▶ **Task description**
For this exercise, return only the lines in the records below from the one holding "Hey guys, Pokrystic29" through the one holding "Hi everyone and", including both, exactly as they appear and without pictures.

▶ **Records for this exercise**
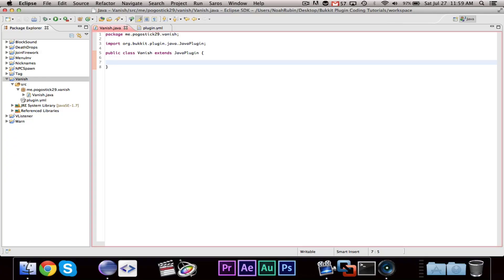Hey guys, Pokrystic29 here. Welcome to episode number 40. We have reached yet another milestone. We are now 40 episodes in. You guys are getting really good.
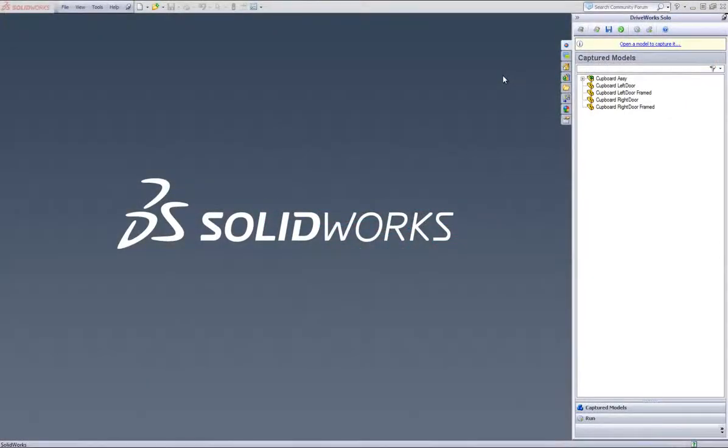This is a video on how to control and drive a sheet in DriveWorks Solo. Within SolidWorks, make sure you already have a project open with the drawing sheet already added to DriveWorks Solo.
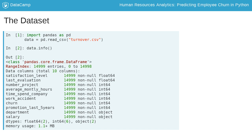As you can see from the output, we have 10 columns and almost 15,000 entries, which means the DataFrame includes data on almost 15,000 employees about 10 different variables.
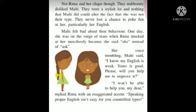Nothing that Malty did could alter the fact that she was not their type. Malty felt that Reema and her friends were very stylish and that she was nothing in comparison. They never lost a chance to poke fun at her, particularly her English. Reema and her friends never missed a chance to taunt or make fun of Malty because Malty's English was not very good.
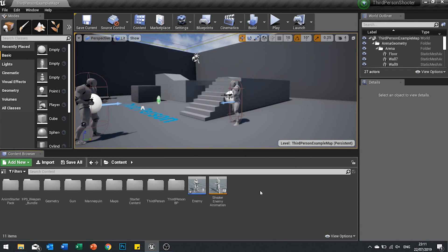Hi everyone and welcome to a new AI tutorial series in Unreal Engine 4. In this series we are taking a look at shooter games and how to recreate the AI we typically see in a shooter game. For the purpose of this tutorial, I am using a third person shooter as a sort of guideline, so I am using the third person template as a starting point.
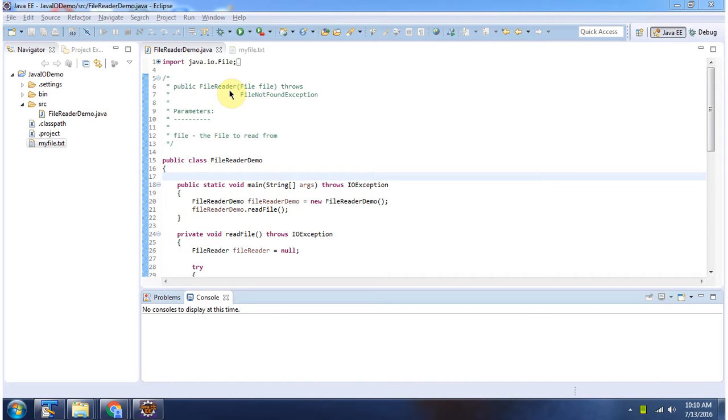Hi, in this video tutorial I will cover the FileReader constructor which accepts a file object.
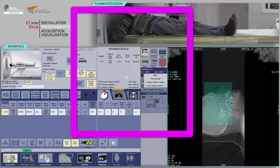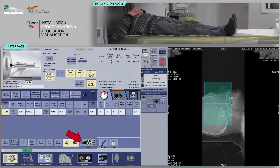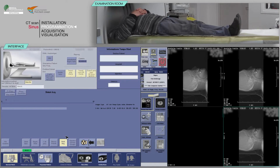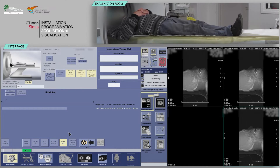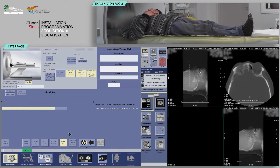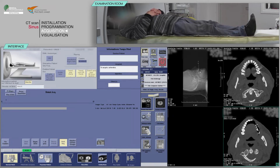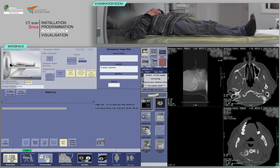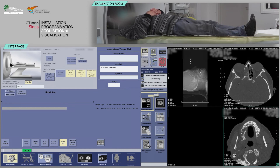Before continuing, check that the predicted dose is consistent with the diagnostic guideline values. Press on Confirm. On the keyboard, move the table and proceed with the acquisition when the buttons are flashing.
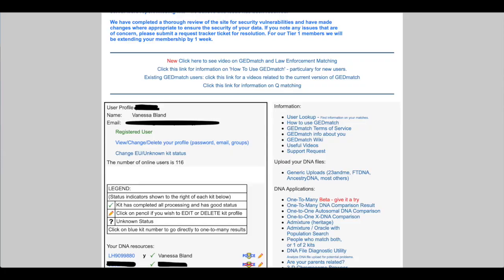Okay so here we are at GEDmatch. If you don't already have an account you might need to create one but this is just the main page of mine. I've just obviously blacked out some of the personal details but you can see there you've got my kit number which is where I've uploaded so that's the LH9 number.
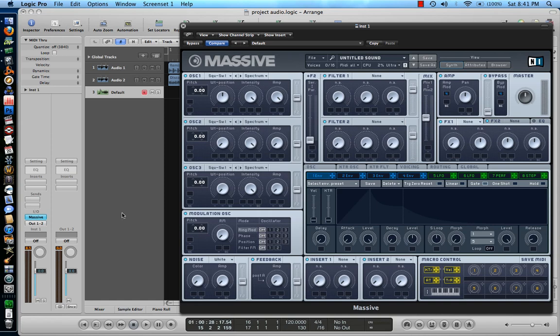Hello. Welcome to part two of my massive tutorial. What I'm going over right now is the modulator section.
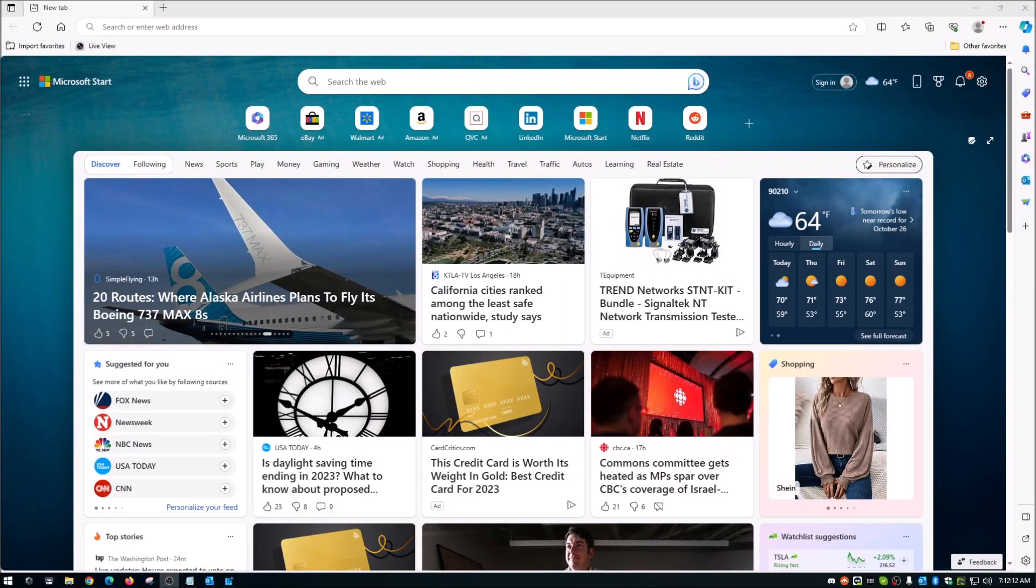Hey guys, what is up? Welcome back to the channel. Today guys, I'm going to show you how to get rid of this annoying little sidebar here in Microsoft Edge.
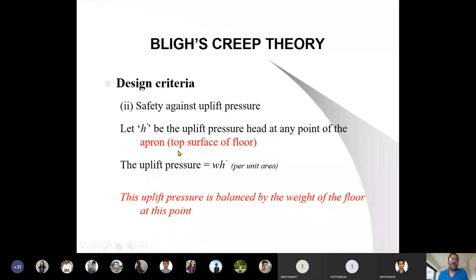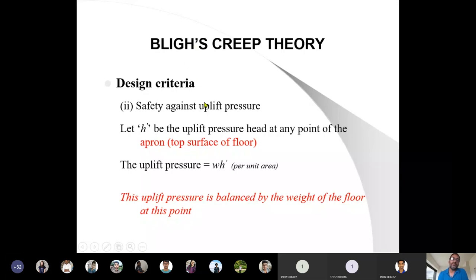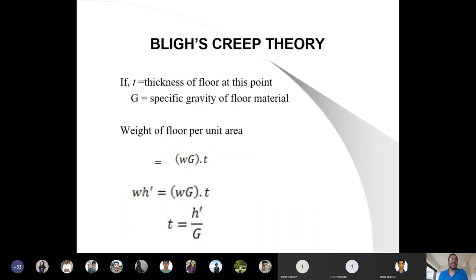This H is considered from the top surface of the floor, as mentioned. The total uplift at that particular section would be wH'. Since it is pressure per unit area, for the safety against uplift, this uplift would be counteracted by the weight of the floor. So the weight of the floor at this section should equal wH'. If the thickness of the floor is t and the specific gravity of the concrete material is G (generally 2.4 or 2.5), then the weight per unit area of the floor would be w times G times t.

--

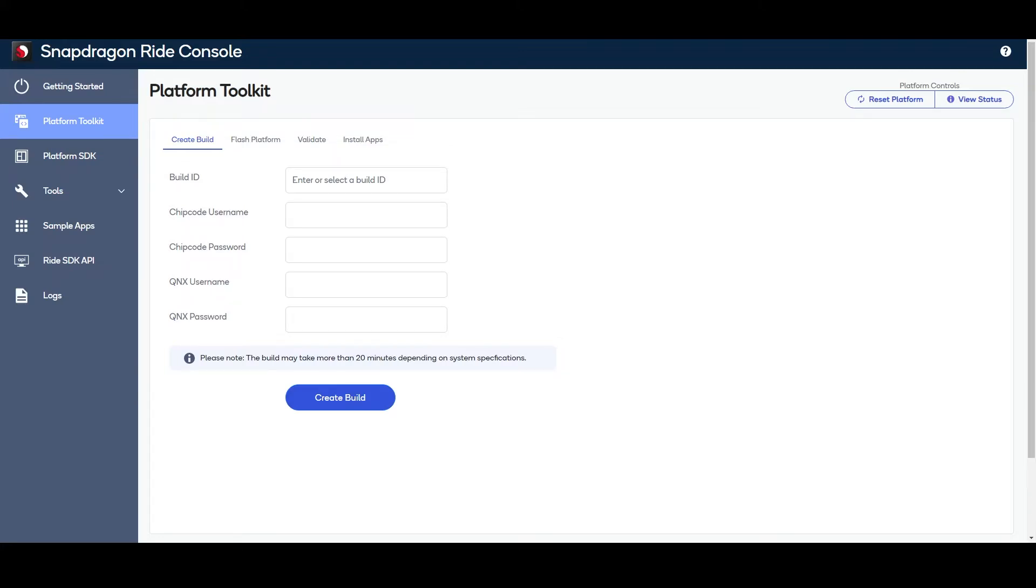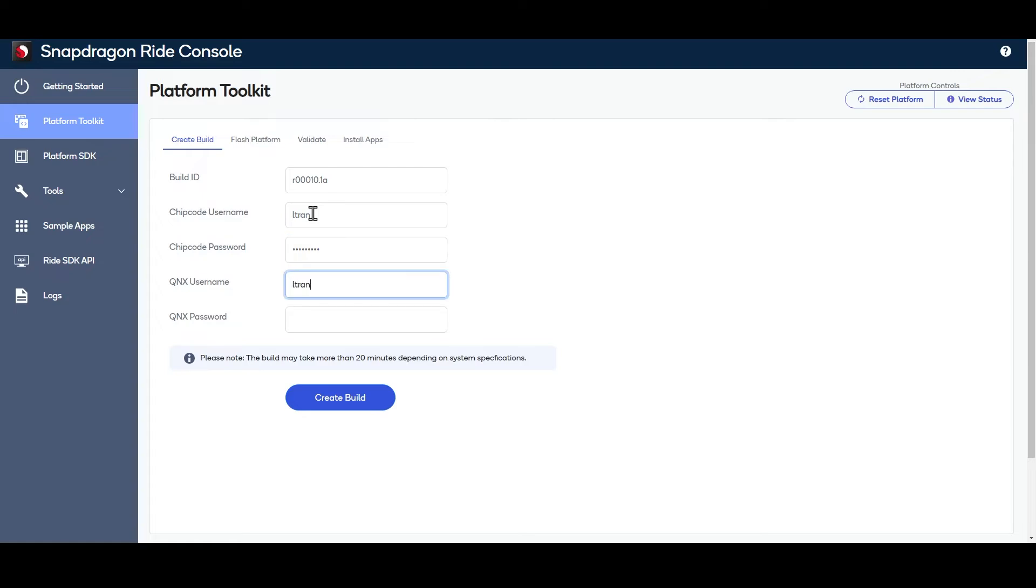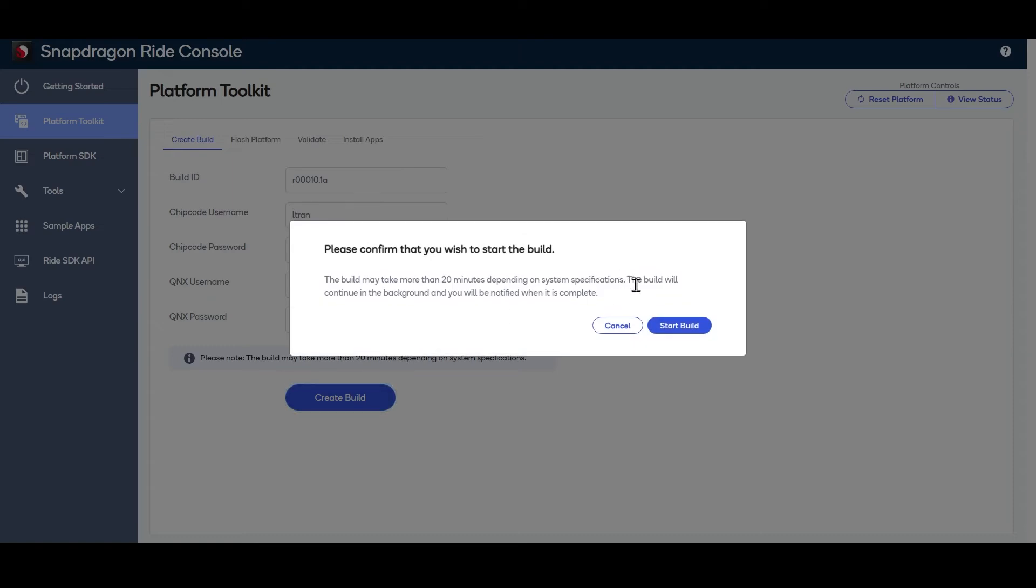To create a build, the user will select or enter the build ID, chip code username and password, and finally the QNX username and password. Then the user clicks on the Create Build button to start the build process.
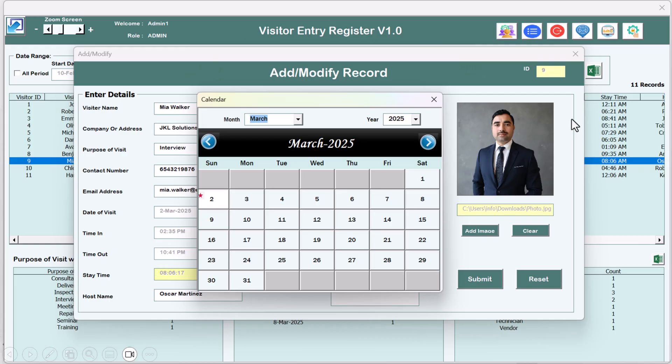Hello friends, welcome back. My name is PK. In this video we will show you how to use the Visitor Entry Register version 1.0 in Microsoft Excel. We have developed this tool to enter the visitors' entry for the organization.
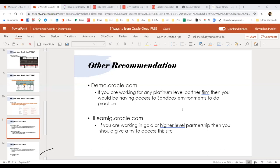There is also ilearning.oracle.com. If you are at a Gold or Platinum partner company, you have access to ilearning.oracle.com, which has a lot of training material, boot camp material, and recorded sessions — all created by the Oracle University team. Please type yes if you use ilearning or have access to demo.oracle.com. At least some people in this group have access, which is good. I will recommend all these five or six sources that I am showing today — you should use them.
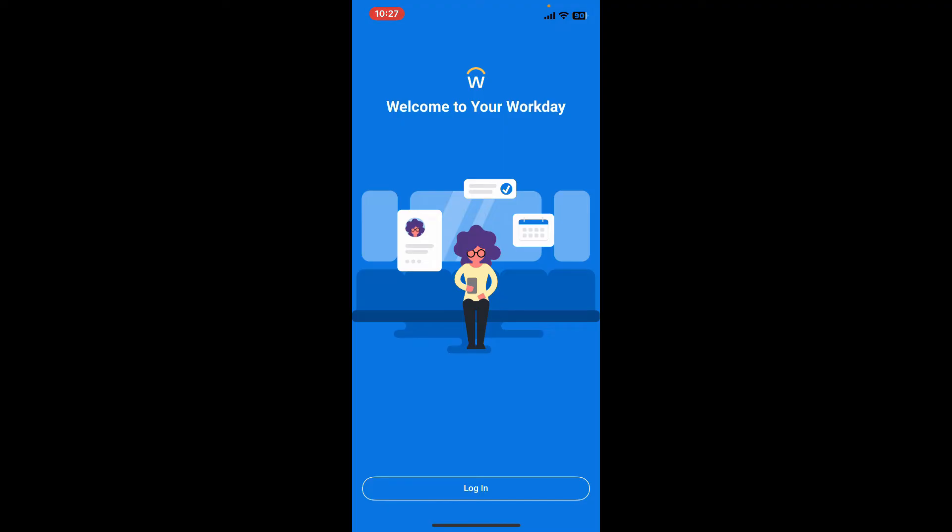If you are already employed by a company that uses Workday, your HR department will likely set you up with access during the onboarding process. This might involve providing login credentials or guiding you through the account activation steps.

▶ **Output of the task**
Hey guys, Pokrystic29 here. Welcome to episode number 40. We have reached yet another milestone. We are now 40 episodes in. You guys are getting really good.
This is a video on how to control and drive a sheet in DriveWorks Solo. Within SolidWorks, make sure you already have a project open with the drawing sheet already added to DriveWorks Solo.
As you can see from the output, we have 10 columns and almost 15,000 entries, which means the DataFrame includes data on almost 15,000 employees about 10 different variables.
Nothing that Malty did could alter the fact that she was not their type. Malty felt that Reema and her friends were very stylish and that she was nothing in comparison. They never lost a chance to poke fun at her, particularly her English. Reema and her friends never missed a chance to taunt or make fun of Malty because Malty's English was not very good.
Hi everyone and welcome to a new AI tutorial series in Unreal Engine 4. In this series we are taking a look at shooter games and how to recreate the AI we typically see in a shooter game. For the purpose of this tutorial, I am using a third person shooter as a sort of guideline, so I am using the third person template as a starting point.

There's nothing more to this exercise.